Les stades de football sont le théâtre de manifestations culturelles désastreuses pour la bonne santé du gazon. En juin, l’enceinte lyonnaise avait accueilli le « Monster Jam », un divertissement où des engins mécaniques effectuent des figures acrobatiques et s’écrasent sur des carcasses de voitures. A Lorient, le stade du Moustoir est actuellement impraticable après le passage du Festival interceltique alors que la saison de Ligue 2 a déjà commencé. La prochaine rencontre à domicile des « Merlus » se jouera ainsi à Bordeaux et à huis clos, une véritable punition pour les supporters bretons.

Un problème pour l’attractivité de la Ligue 1

Une équipe assez faible techniquement peut toutefois profiter des mottes de terre pour faire déjouer les joueurs adverses. Si la victoire de Strasbourg contre le PSG lors de la 16journée de la saison dernière doit beaucoup à l’audace des Strasbourgeois, l’état de la pelouse a facilité leur mission. Un terrain cabossé trouble la beauté du sport mais peut devenir un allié pour décrocher des points inespérés.
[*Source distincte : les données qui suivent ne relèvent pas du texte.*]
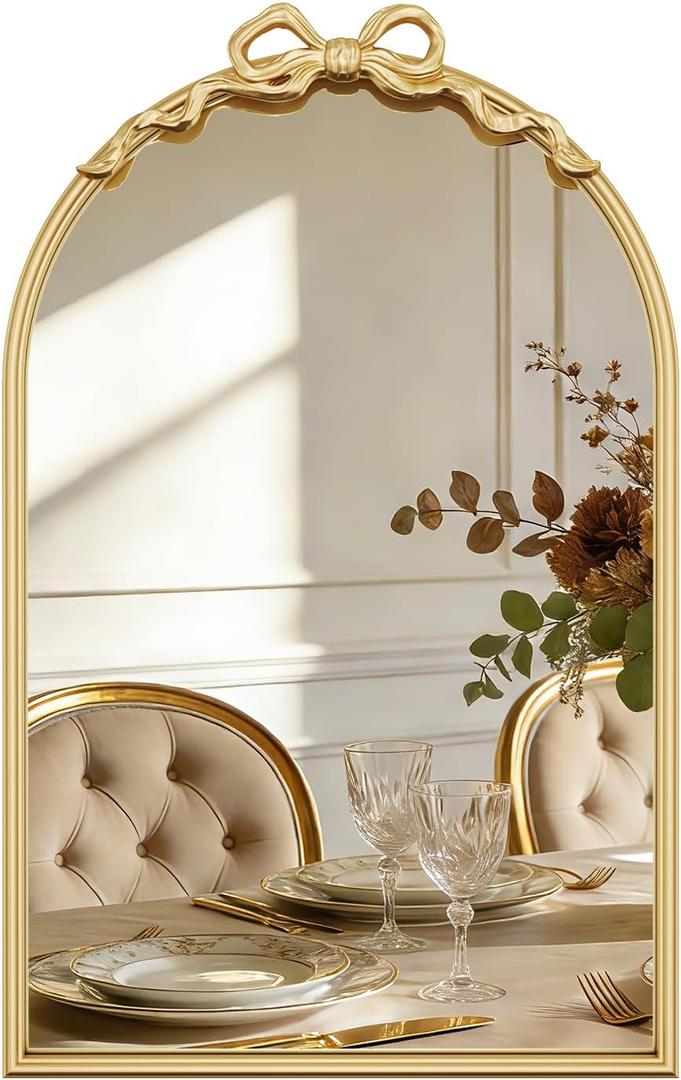 Large Arched Gold Bow Mirror, 36"x24" Vintage Arch Metal Frame Mirror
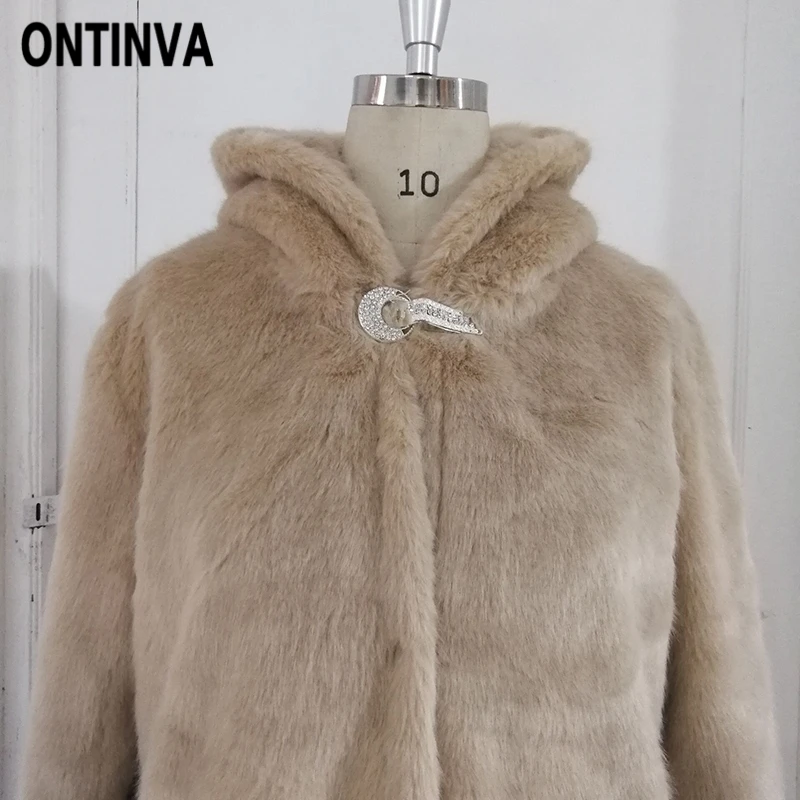 

New Fashion Winter Women Faux Fur Jacket Coats Solid Color Hooded Mink Hair Fur Jackets Plus Size 3XL Female Slim Outerwear Coat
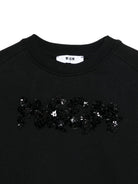 Felpa per bambina MSGM Kids nera con applicazione logo - Rubino Kids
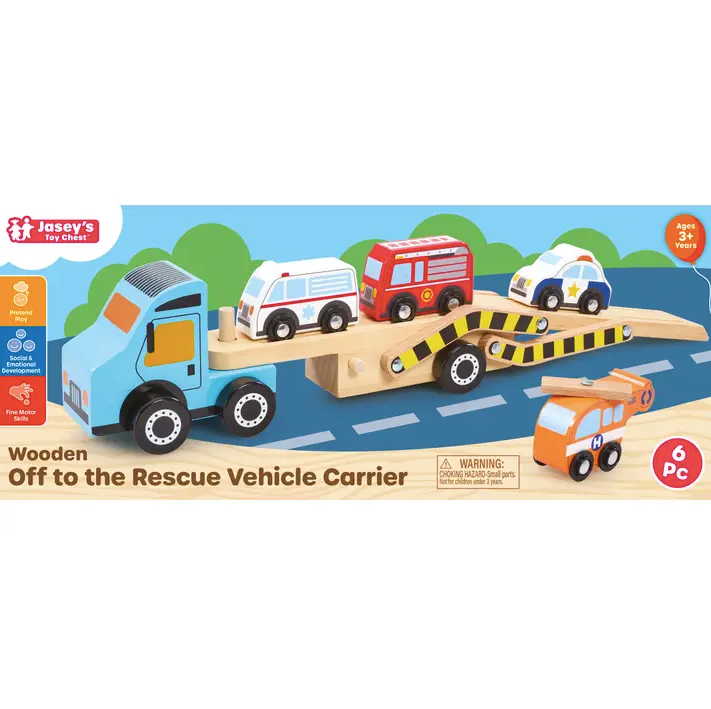 Wooden Off To the Rescue Vehicle Carrier Toy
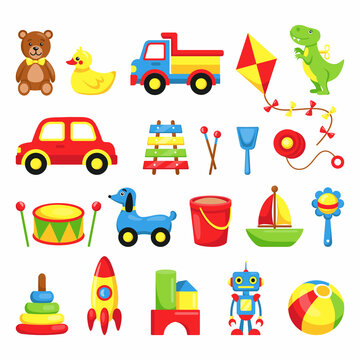 Kid toys. Cartoon plastic colored toy icon. Vector vintage kid play collection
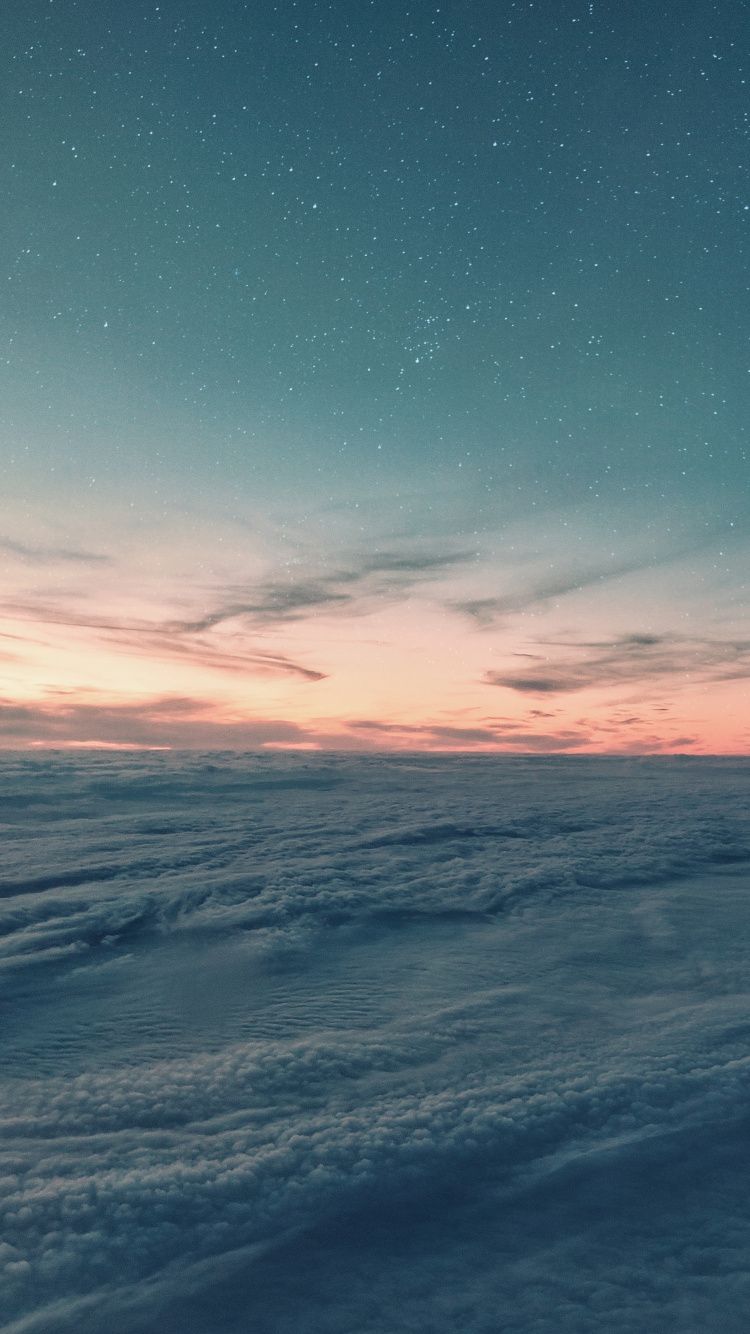 Обои горизонт, океан, море, синий, атмосфера в разрешении 750x1334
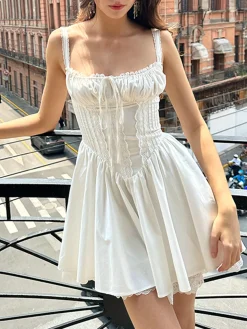 COMMENSE Coastal Cowgirl Lace Trim Corset Short Dress* White Dresses|Casual Dresses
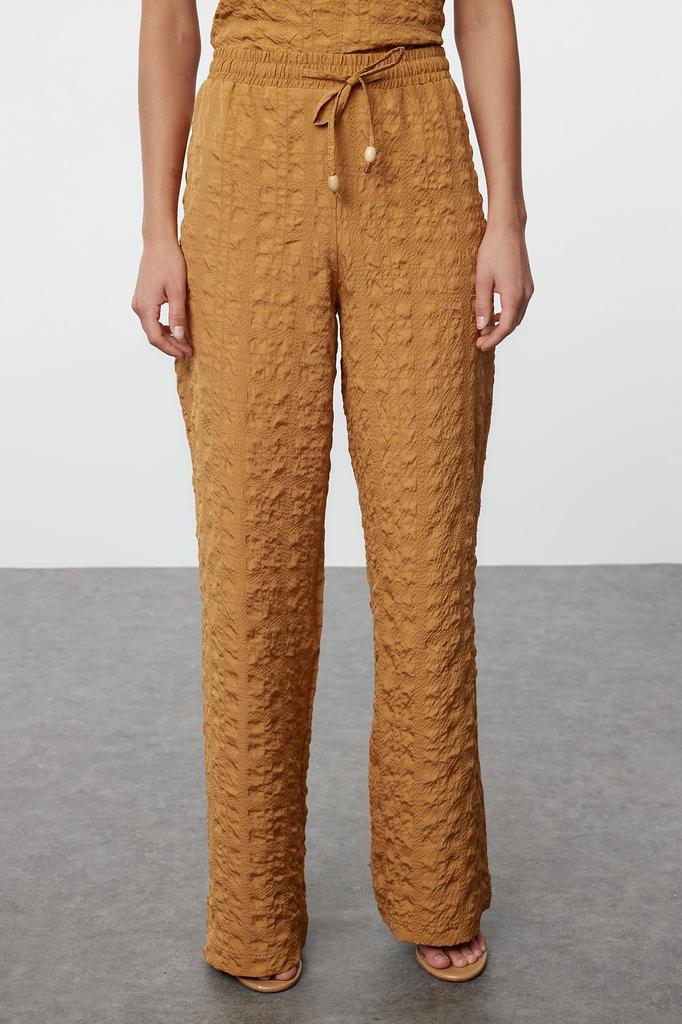 Women's Fashion Mint Woven Wrap Blouse Trousers Top-Bottom Set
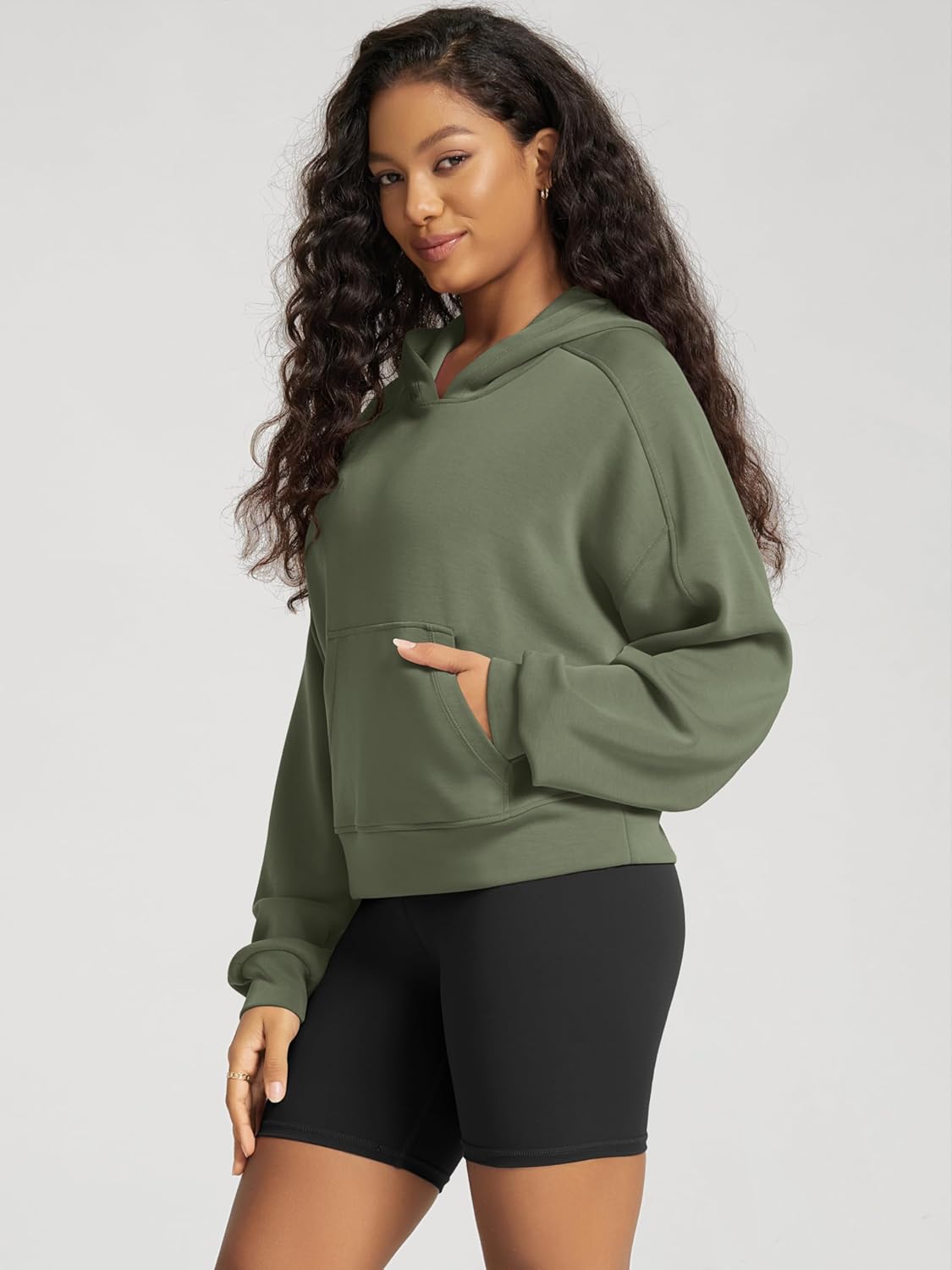 ODODOS Modal Soft Long Sleeve Cropped Hoodie for Women Oversized Pullover Sweatshirts with Pocket - Image 2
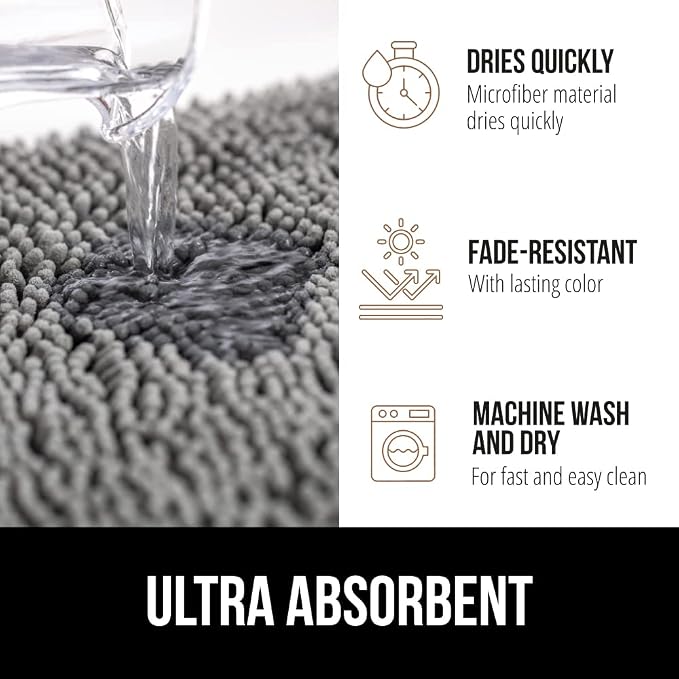 GORILLA GRIP Bath Rug Mat 60x17, Thick Soft Absorbent Chenille, Quick Dry - Image 4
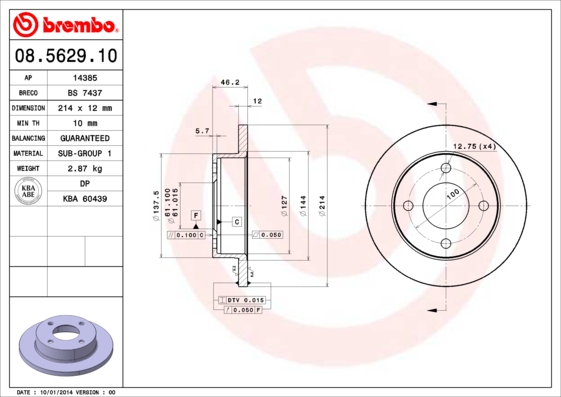 BREMBO Első féktárcsa 08.5629.10_BREMBO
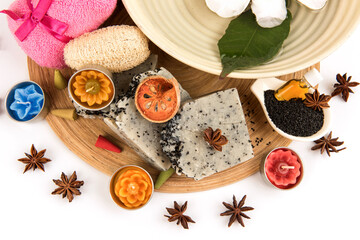 Spa treatment with soap from perilla seeds isolated on white background.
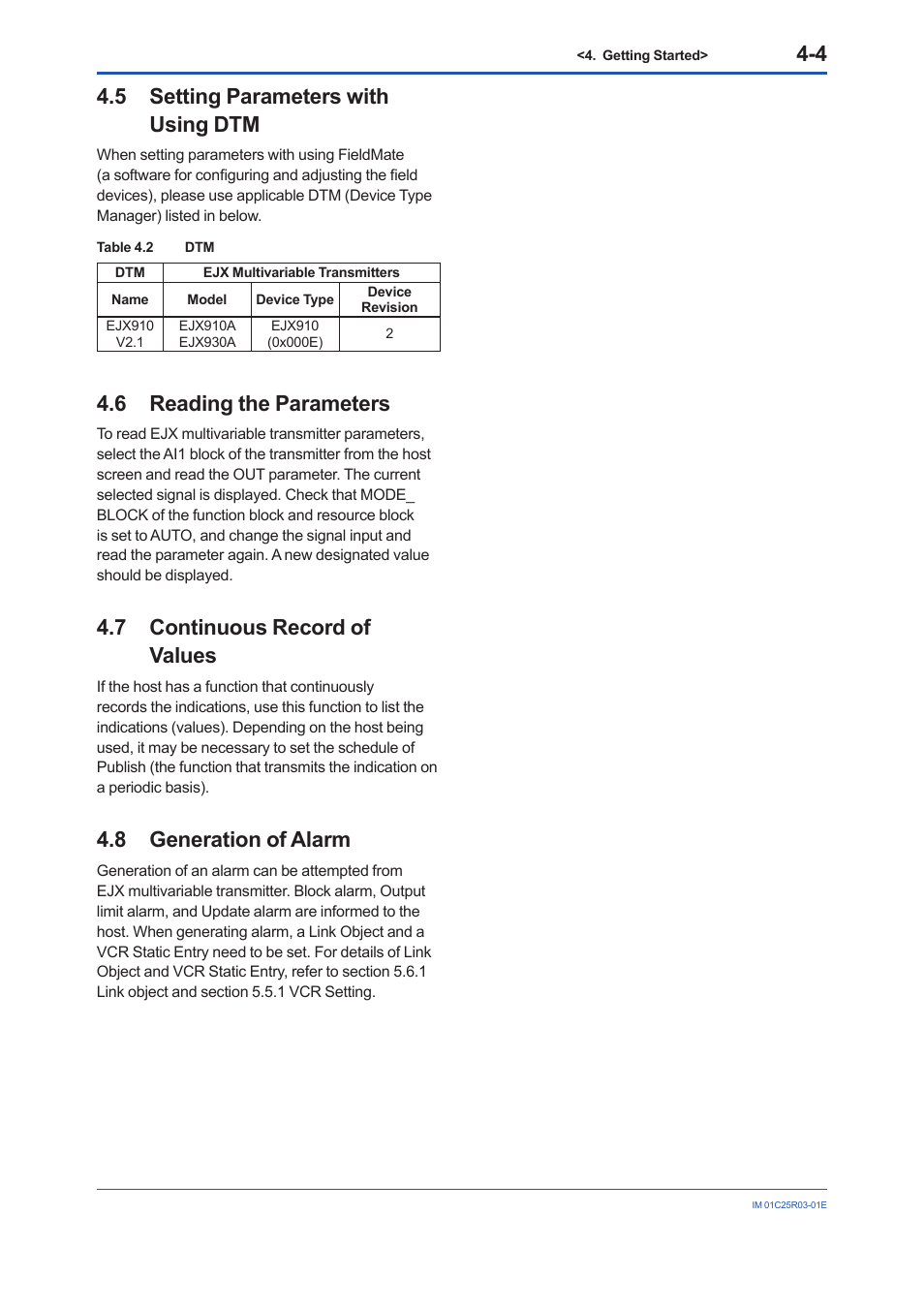 5 setting parameters with using dtm, 6 reading the parameters, 7 continuous record of values | 8 generation of alarm, Setting parameters with using dtm -4, Reading the parameters -4, Continuous record of values -4, Generation of alarm -4 | Yokogawa EJX930A User Manual | Page 27 / 175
Afin d’inciter les clubs à mieux entretenir leur pelouse et favoriser le spectacle, la Ligue de football professionnel a instauré des sanctions contre les clubs négligents. « Si un club obtient trois journées consécutives une note inférieure à dix au championnat des pelouses, la commission des compétitions peut infliger une amende allant jusqu’à 50 000 euros. Les bons élèves, eux, sont récompensés », explique la LFP. L’état des pelouses compte dans l’obtention de la Licence Club, précieux sésame pour obtenir les bénéfices des droits audiovisuels.

Prévenir au lieu de guérir, tel est le but de la LFP. En 2016, des ingénieurs agronomes ont été mandatés pour travailler avec les représentants des clubs. La Ligue avait, cette même année, organisé en début de saison un séminaire pour habituer les gérants des stades, pas forcément les clubs d’ailleurs car très peu sont propriétaires de leur enceinte, à prendre soin des surfaces de jeu. Un autre problème fut alors soulevé. Locataires de leur stade, les clubs n’ont pas toujours l’influence nécessaire sur la vie de la pelouse.

En récupérant l’exploitation du stade Vélodrome, le propriétaire de l’Olympique de Marseille, Frank McCourt, a annoncé que la bonne qualité du terrain serait sa priorité. « Nous devrions avoir une des meilleures pelouses de Ligue 1 et non une des pires », regrettait-il dimanche 12 août dans le « Canal Football Club ». Au classement des pelouses, Marseille occupait l’an dernier une triste seizième place.

La mode de la pelouse hybride

Pour contrer le fléau de ces terrains devenus champs de patates et contourner les dépenses récurrentes pour des améliorations éphémères, certains clubs avaient opté pour des pelouses synthétiques. Mais devant la fronde de l’UNFP, le syndicat national des footballeurs professionnels, qui accusait le synthétique de favoriser les blessures, la LFP a interdit l’installation de ce type de matière en 2017. Lorient et Nancy, qui avaient choisi cette surface, l’ont alors remplacée par des pelouses hybrides, alliant gazon naturel et microfibres synthétiques.

La pelouse hybride est de plus en plus plébiscitée par les clubs car elle s’adapte bien aux hivers rugueux et évacue l’eau facilement. Seul son prix reste un frein. Troyes a ainsi dû débourser 1 million d’euros pour s’offrir la sienne. Une somme importante quand on sait que le budget du club est de 26 millions d’euros.

Et, contrairement au synthétique, ce type de pelouse a besoin d’être bichonné à la crème anglaise. Les jardiniers donnent vie et beauté au football. L’arrivée en France, ces dernières années, de leurs meilleurs représentants britanniques est là pour le rappeler.